It is the opinion of the Committee that the communication would violate of Rule 4.2 of the Alaska Rules of Professional Conduct.

Rule 4.2 provides as follows:

In representing a client, a lawyer shall not communicate about the subject of the representation with a party or person he knows to be represented by another lawyer in the matter, unless the lawyer has the consent of the other lawyer or is authorized by law to do so. (endnote 2)

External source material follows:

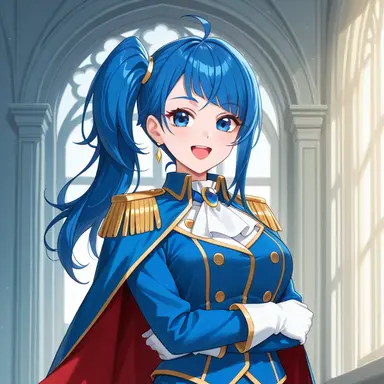 Profile image of ソラ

The preliminary issue is whether the managing board of the government agency is encompassed within the term "party" as used in Rule 4.2. Persons who might be considered to be the "party" in the context of communications with governmental representatives were addressed in Alaska Bar Association Ethics Opinion 71-1, in which the Committee advised that:

(A)ttorneys may ethically communicate with employees of a governmental entity, so long as that communication is not made with employees of the entity who may reasonably be thought of as representing the entity in matters relating to the matter in controversy, and as long as the lawyer reveals to the employee his identity and representation and the connection between the representation and the communication.

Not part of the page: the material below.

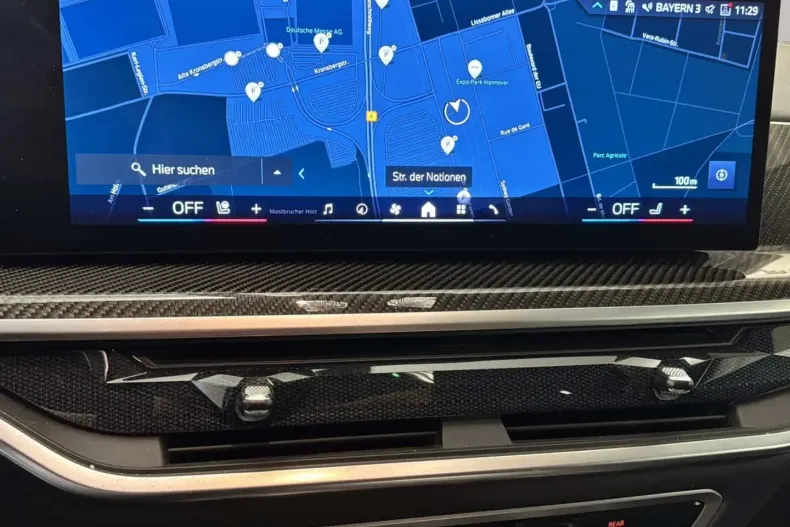 BMW X7 din 2024 cu 31.773 km - oferta BMW114139 - foto 18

In the context of private corporations, officers have uniformly been thought of as representing the entity in the controversy. Thus, for example, in ABA Formal Opinion 1410 (1978), it was held that officers and employees of a corporation should be considered parties, for purposes of DR 7-104(A)(1), if those officers and employees could commit the corporation by virtue of their authority. See, Illinois State Bar Association Committee on Professional Responsibility, Op. 85-12 (April 4, 1986) (includes top management persons with the responsibility of making any final decisions); South Carolina Bar Ethics Advisory Committee, Op. 86-10 (June 16, 1986) (board members of homeowners association are encompassed by term "parties" in a dispute with the association). If the board to which the presentation has the ability to commit the agency or otherwise exercise control over decisions regarding litigation, it must be considered to be a "party" within the meaning of Rule 4.2.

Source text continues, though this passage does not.